### EXERCISE:
The reply is to be the lines from the one with "Maisonnette cabane sur" through the last line of the records below, each retyped exactly, with pictures left out.

### MATERIAL PROVIDED:
= Beginning of Section =
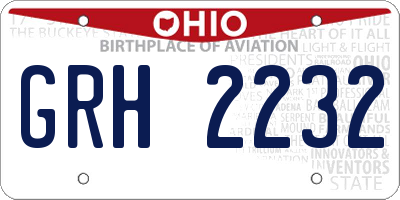 OH license plate GRH2232
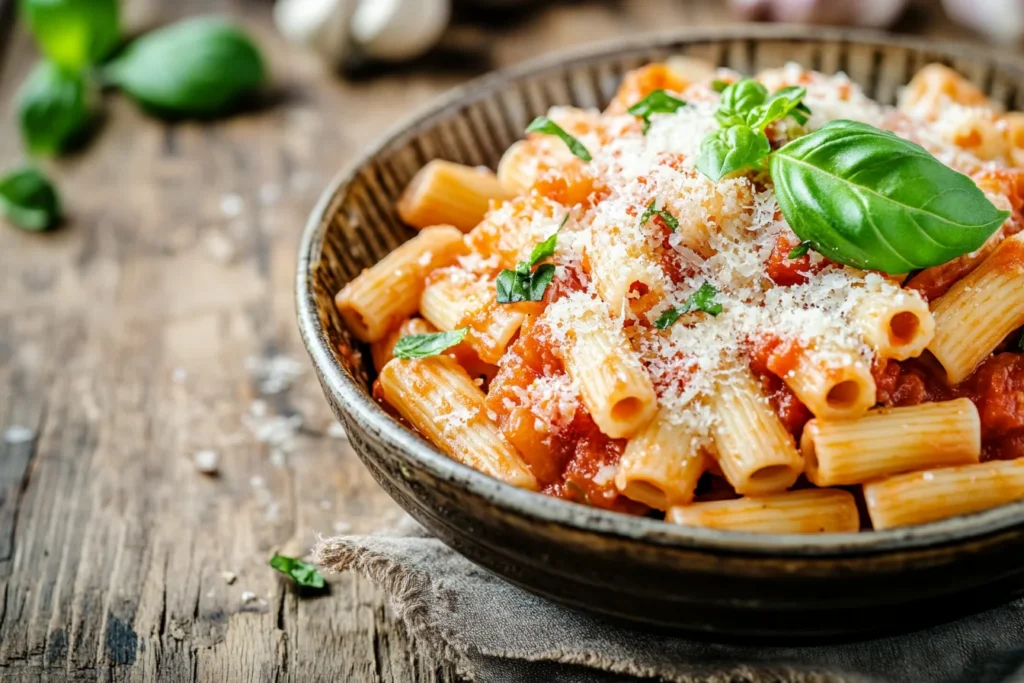 Ditalini pasta recipe, a close-up view of a prepared dish.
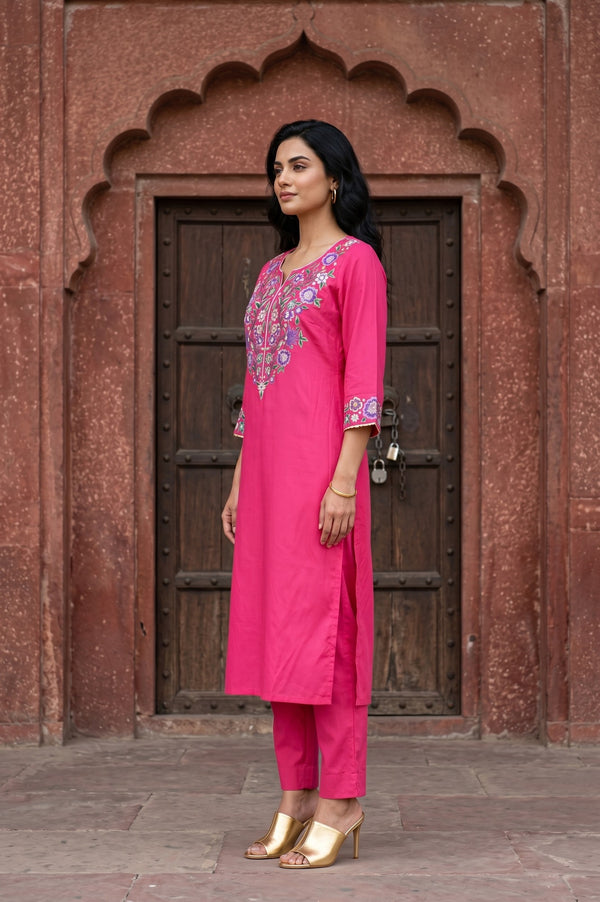 Fuchsia Embroidered Straight Kurta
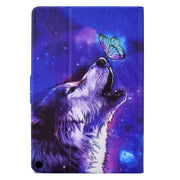 For Amazon Kindle Fire HD 10 2021 Electric Pressed TPU Smart Leather Tablet Case(Butterfly Wolf)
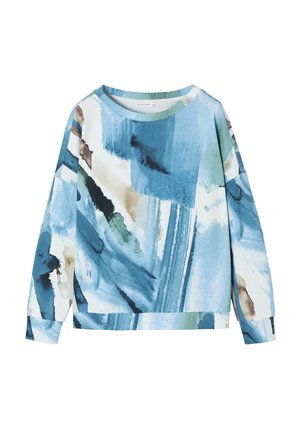 Suéter de corte holgado, confeccionado en tejido suave, con un patrón abstracto de acuarela en tonos azules y verdes, con mangas largas.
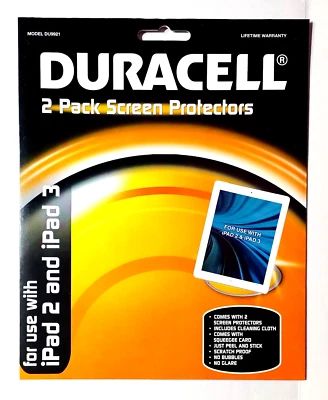 Duracell 2-Pack Screen Protectors (Model DU9921) for Apple iPad 2 & iPad 3 - Image 1 of 2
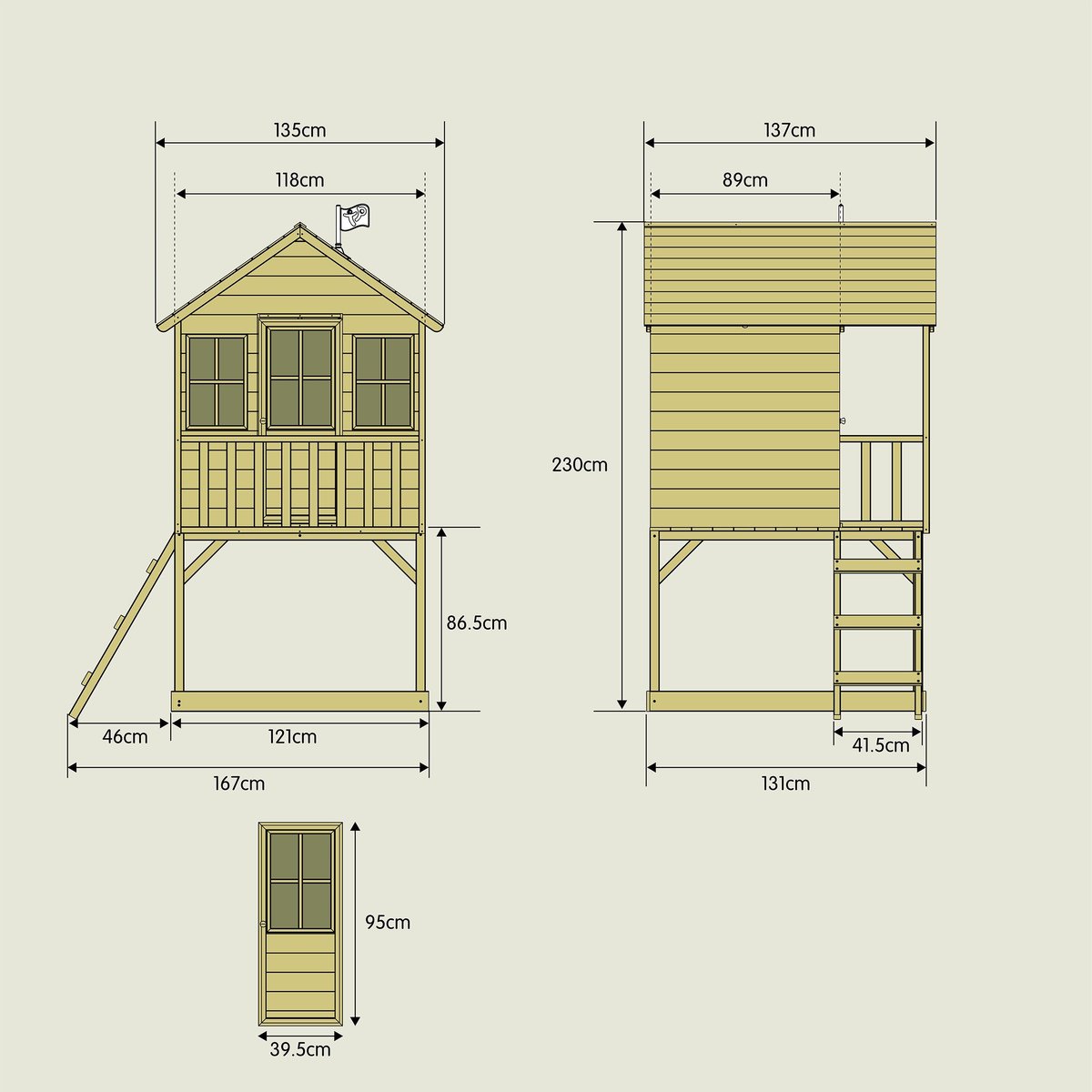 Maisonnette cabane sur pilotis COLLINE marron, TP TOYS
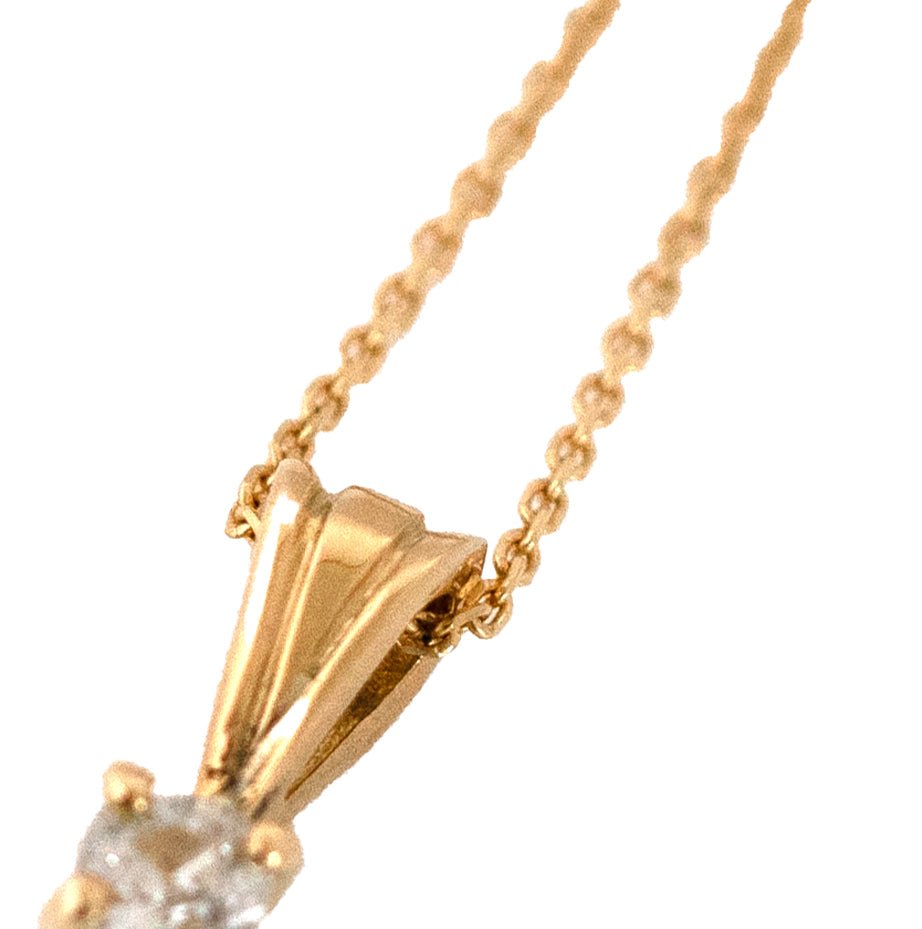 Victorian 0.15 Carat Old European Cut Diamond 18K Gold Solitaire Pendant Necklace, view 5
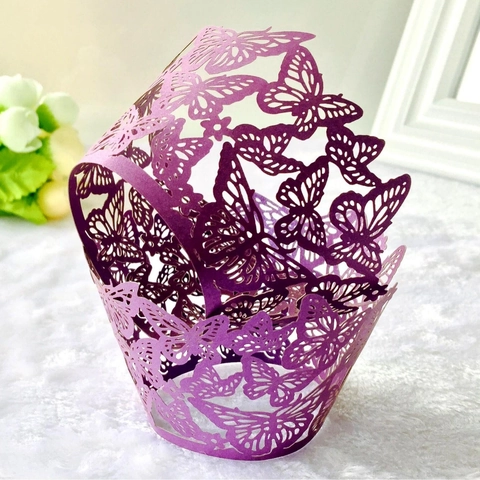 Laser Cut Butterfly Cupcake Wrappers Paper Cake Decoration Wraps For Wedding Birthday Party Table Centerpiece Favors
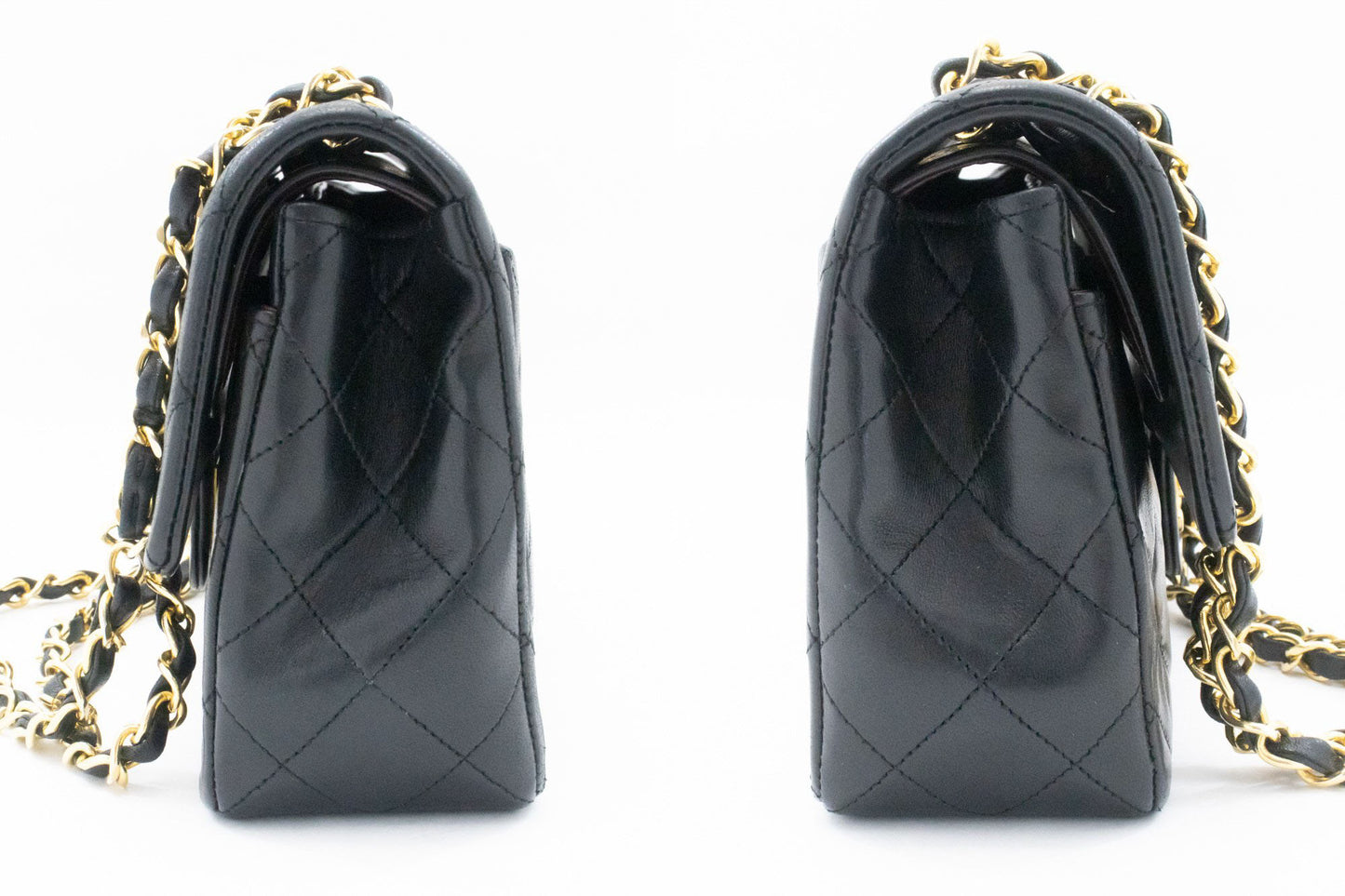 CHANEL Classic Double Flap 9" Chain Schoudertas Zwart Lamsleer ag6 hannari-shop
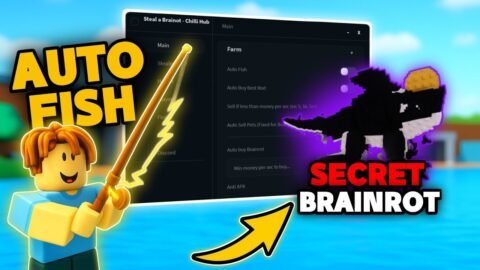 Steal A Brainrot Script *NO KEY* AUTO FISHING, NO HIT, INVISIBLE ☢️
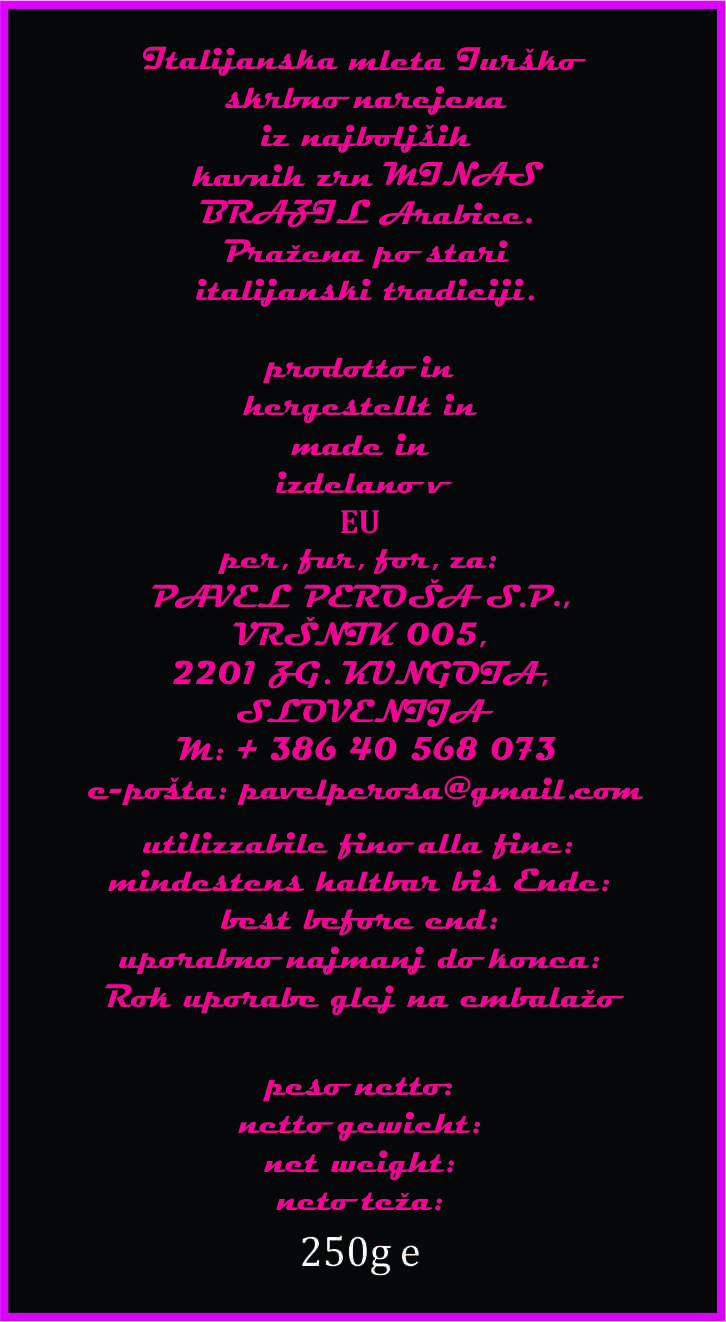 Lusso Mleta Kava – Zadnja stran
= End of Section =
### SOLUTION TO THIS TASK:
 Maisonnette cabane sur pilotis COLLINE marron, TP TOYS
 Victorian 0.15 Carat Old European Cut Diamond 18K Gold Solitaire Pendant Necklace, view 5
 Laser Cut Butterfly Cupcake Wrappers Paper Cake Decoration Wraps For Wedding Birthday Party Table Centerpiece Favors
 CHANEL Classic Double Flap 9" Chain Schoudertas Zwart Lamsleer ag6 hannari-shop
 Steal A Brainrot Script *NO KEY* AUTO FISHING, NO HIT, INVISIBLE ☢️
 Lusso Mleta Kava – Zadnja stran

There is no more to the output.